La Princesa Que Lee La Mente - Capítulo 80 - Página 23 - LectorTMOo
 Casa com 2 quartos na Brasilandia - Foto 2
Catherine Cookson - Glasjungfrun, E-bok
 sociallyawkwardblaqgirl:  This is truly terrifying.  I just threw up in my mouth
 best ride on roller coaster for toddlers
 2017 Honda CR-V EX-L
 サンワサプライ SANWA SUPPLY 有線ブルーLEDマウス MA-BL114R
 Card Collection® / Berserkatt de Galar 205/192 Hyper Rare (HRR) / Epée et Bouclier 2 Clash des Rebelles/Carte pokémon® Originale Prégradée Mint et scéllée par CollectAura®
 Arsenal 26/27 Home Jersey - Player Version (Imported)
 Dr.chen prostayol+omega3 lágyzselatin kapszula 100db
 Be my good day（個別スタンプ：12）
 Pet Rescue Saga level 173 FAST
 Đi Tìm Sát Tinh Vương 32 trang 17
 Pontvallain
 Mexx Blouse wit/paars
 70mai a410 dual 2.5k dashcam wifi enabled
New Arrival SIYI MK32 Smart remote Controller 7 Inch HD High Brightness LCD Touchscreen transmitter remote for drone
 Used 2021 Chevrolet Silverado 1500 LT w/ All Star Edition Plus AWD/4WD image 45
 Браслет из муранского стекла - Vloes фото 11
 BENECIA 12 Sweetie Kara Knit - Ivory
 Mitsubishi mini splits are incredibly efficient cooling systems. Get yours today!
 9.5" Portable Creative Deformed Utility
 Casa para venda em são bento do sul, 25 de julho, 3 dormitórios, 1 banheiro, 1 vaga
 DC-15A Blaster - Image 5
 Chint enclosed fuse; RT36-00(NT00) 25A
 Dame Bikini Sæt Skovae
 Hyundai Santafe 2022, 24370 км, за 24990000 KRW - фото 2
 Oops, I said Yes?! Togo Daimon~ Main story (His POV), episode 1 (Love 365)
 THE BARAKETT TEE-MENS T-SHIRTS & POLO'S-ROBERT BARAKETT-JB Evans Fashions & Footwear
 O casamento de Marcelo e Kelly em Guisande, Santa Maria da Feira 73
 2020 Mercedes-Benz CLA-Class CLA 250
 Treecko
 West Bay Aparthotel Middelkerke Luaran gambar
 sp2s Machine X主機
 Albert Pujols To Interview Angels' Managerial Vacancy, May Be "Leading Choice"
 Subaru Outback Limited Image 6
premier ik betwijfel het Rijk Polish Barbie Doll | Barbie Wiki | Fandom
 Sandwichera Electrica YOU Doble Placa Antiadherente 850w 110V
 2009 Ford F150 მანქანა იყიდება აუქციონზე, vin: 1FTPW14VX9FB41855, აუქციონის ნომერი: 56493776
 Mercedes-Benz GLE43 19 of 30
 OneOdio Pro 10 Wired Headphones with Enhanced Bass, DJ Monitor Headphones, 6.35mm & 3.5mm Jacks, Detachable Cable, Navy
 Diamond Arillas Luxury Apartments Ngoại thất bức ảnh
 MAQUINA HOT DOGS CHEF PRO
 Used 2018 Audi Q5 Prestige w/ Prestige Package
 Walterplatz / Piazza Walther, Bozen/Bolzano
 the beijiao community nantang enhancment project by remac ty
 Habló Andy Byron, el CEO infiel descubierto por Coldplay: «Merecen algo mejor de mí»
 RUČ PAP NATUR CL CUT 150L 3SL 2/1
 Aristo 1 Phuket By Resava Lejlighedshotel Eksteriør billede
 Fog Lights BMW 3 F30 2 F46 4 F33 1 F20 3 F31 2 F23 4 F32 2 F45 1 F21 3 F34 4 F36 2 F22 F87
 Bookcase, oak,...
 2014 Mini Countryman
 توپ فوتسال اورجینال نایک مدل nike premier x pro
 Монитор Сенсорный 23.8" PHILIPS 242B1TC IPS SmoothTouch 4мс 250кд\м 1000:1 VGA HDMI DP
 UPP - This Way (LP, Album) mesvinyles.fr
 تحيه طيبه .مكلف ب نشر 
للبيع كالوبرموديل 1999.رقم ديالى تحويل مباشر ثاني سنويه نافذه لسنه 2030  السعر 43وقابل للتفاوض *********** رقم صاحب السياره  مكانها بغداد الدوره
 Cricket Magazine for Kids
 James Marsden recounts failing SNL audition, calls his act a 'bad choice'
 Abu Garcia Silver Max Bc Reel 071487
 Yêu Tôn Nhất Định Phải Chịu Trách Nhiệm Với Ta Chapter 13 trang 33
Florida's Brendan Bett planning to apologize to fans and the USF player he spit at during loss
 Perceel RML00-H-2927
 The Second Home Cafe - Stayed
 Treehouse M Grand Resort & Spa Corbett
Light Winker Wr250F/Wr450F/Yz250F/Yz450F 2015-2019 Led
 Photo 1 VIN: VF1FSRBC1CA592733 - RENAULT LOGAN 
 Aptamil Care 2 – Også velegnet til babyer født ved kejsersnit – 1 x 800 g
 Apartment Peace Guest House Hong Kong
━━━━━━
ASSIGNED TASK: The lines from the one holding "Walterplatz / Piazza Walther, Bozen/Bolzano" to the end of the entries are to be repeated exactly, with both ends included and nothing else.

RESPONSE FOR THIS EXERCISE:
 Walterplatz / Piazza Walther, Bozen/Bolzano
 the beijiao community nantang enhancment project by remac ty
 Habló Andy Byron, el CEO infiel descubierto por Coldplay: «Merecen algo mejor de mí»
 RUČ PAP NATUR CL CUT 150L 3SL 2/1
 Aristo 1 Phuket By Resava Lejlighedshotel Eksteriør billede
 Fog Lights BMW 3 F30 2 F46 4 F33 1 F20 3 F31 2 F23 4 F32 2 F45 1 F21 3 F34 4 F36 2 F22 F87
 Bookcase, oak,...
 2014 Mini Countryman
 توپ فوتسال اورجینال نایک مدل nike premier x pro
 Монитор Сенсорный 23.8" PHILIPS 242B1TC IPS SmoothTouch 4мс 250кд\м 1000:1 VGA HDMI DP
 UPP - This Way (LP, Album) mesvinyles.fr
 تحيه طيبه .مكلف ب نشر 
للبيع كالوبرموديل 1999.رقم ديالى تحويل مباشر ثاني سنويه نافذه لسنه 2030  السعر 43وقابل للتفاوض *********** رقم صاحب السياره  مكانها بغداد الدوره
 Cricket Magazine for Kids
 James Marsden recounts failing SNL audition, calls his act a 'bad choice'
 Abu Garcia Silver Max Bc Reel 071487
 Yêu Tôn Nhất Định Phải Chịu Trách Nhiệm Với Ta Chapter 13 trang 33
Florida's Brendan Bett planning to apologize to fans and the USF player he spit at during loss
 Perceel RML00-H-2927
 The Second Home Cafe - Stayed
 Treehouse M Grand Resort & Spa Corbett
Light Winker Wr250F/Wr450F/Yz250F/Yz450F 2015-2019 Led
 Photo 1 VIN: VF1FSRBC1CA592733 - RENAULT LOGAN 
 Aptamil Care 2 – Også velegnet til babyer født ved kejsersnit – 1 x 800 g
 Apartment Peace Guest House Hong Kong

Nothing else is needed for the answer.